An unknown writer once offered: "Time travels quietly until it runs directly into the pathway of life at its end. Then, for a few moments, even days, the volume is deafening."

We are losing our legends at much too quickening a pace and the volume is indeed deafening. Kitty Carlisle. Tom Poston. Now, Charles Nelson Reilly. Too many, too fast.

I had been told just prior to last summer's Game Show Congress of Charles' illness but, at the time, the prognosis was uncertain. Our disappointment was immense. We wanted to give a shot at having him and Brett Somers for one of our panel discussions to digest why Match Game struck such a chord as it did in 1973 and became appointment television until the end of the decade.

To those of you who didn't grow up during the era of the variety show, you can't appreciate the full gamut of Charles' talents. At one point in the 1970-71 season, we had 16 musical variety shows in prime time on the networks, not to mention a passel of summer replacement hours which never made the grade to the regular season.

You didn't have to look far to find Charles. While he had appeared in the mid-'60s on The Ed Sullivan Show, he didn't really come into the forefront until he started making periodic Thursday night visits to The Dean Martin Show. Charles had the ability to deliver that slow burn and the memorable "hmmmHMMMM" laugh of his that could make an audience laugh during comedy sketches.

The Ghost and Mrs. Muir, sadly, is not repeated these days because only 52 episodes were made. Yet, when Charles made his recurring appearances as Claymore Gregg, he made the entire show better. Claymore was not a character which could have been a weekly regular, much as in the fashion of Ernest T. Bass on The Andy Griffith Show, without overpowering the chemistry of the show. Yet, in sensible doses, you were left wanting to see him again. Chalk one up for Charles' underrated brilliance.
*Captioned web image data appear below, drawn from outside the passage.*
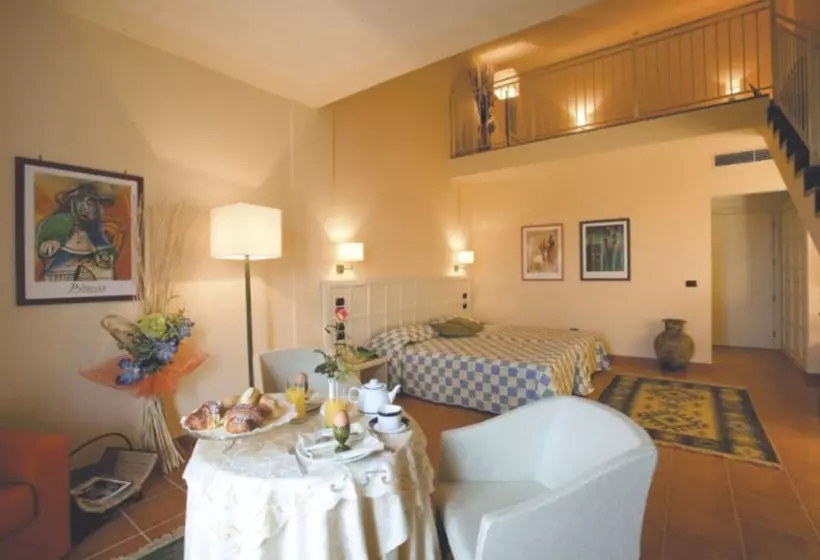 ジュニアスイート, Cappuccina Country Resort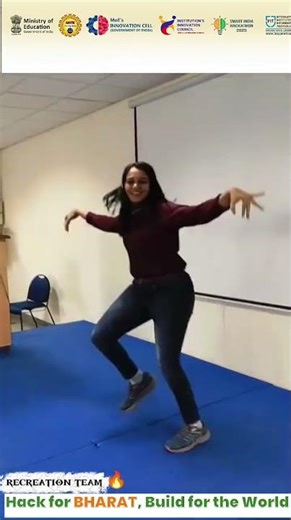 Code... Dance... Repeat...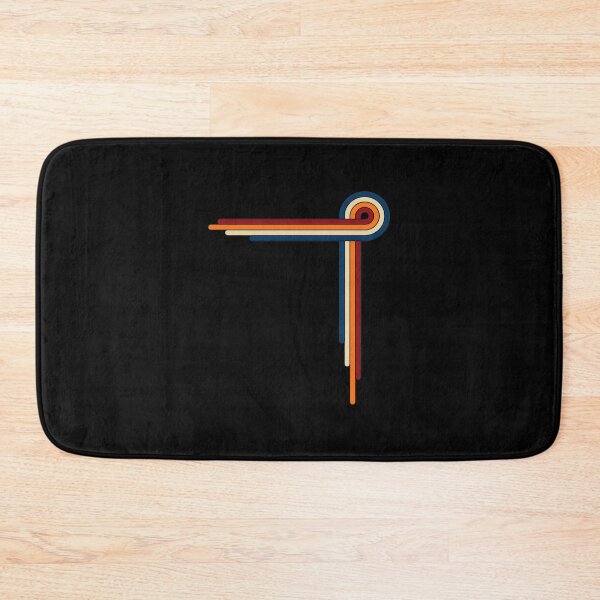 Item preview, Retro Lines Abstract Graphic Design designed and sold by andrasmar.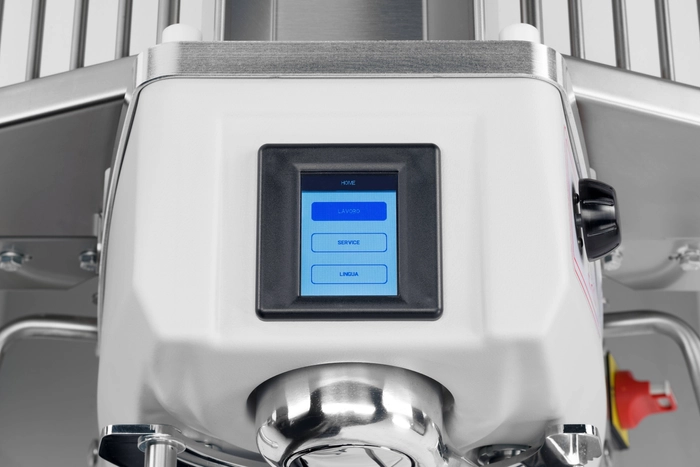 Tekno Stamap kjevlemaskin bordmodell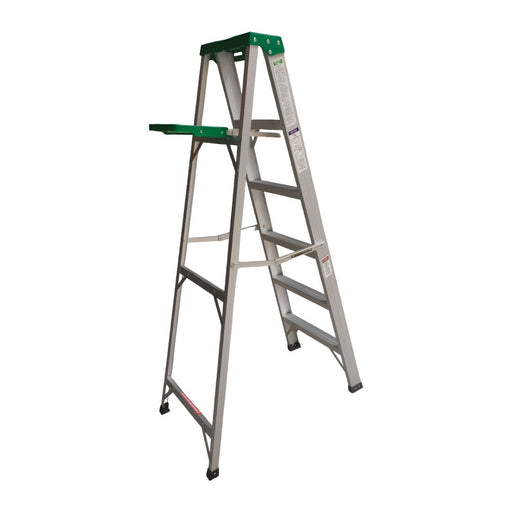 Liberti ASL6FT Aluminium Step Ladder 05 steps 6ft height 90kg Capacity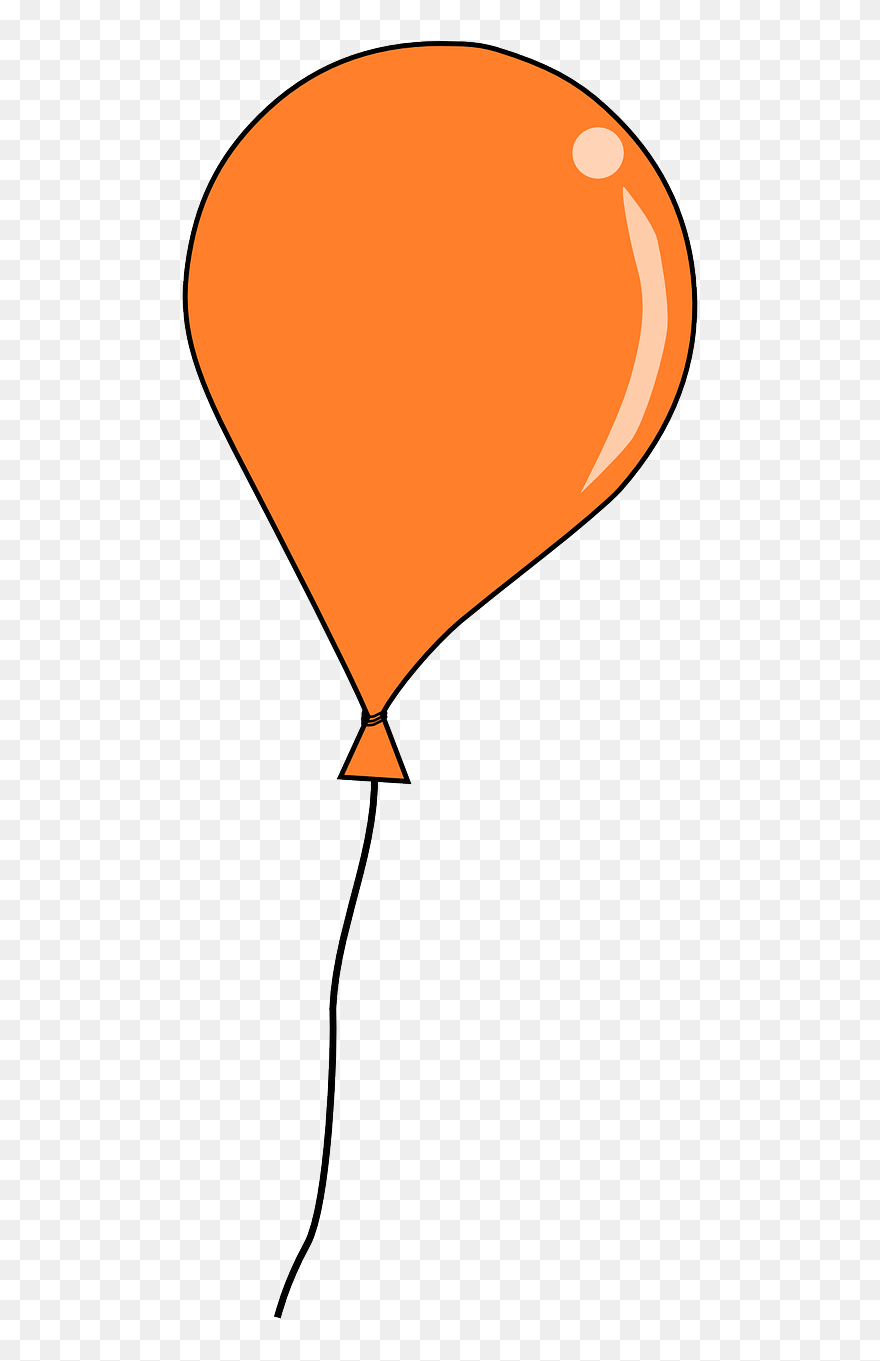 Detail Balloon Transparent Background Nomer 19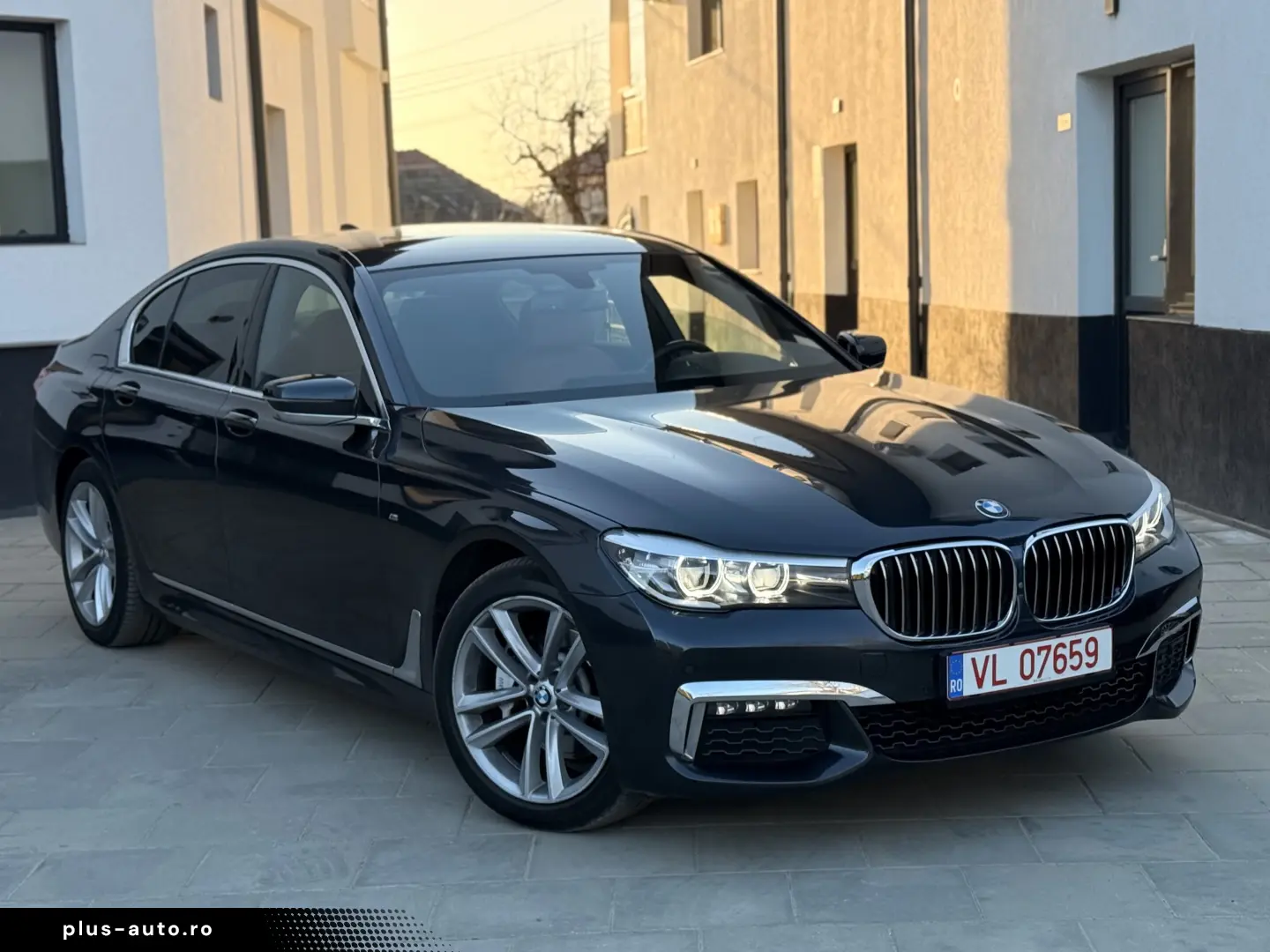 BMW Seria 7 2.0 Diesel   Pachet M   360   116.000 km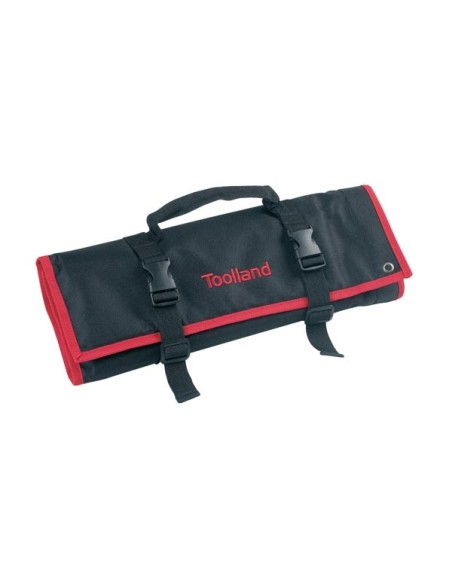 Roll Up Tool Bag - 14 Pockets with Carrying Handle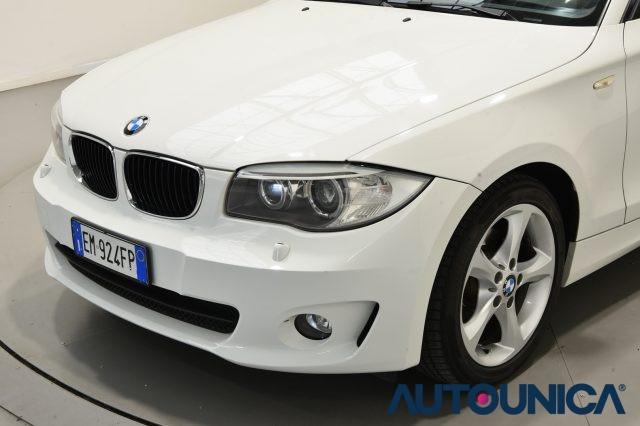 BMW 118 D 143CV CABRIO AUTO ATTIVA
Based on his work with Hope Lange and Edward Mulhare, both CBS and ABC served up pilot possibilities for Reilly. In all candor, if we had seen The Charles Nelson Reilly Show, it would likely have failed. Charles was in the category of Don Knotts, Tim Conway, Nancy Walker, Paul Lynde or Jerry Van Dyke. Every one of the latter five headlined his or her own series as star of the show and laid collective eggs. The magic of their talents as second bananas just did not materialize as the topliners.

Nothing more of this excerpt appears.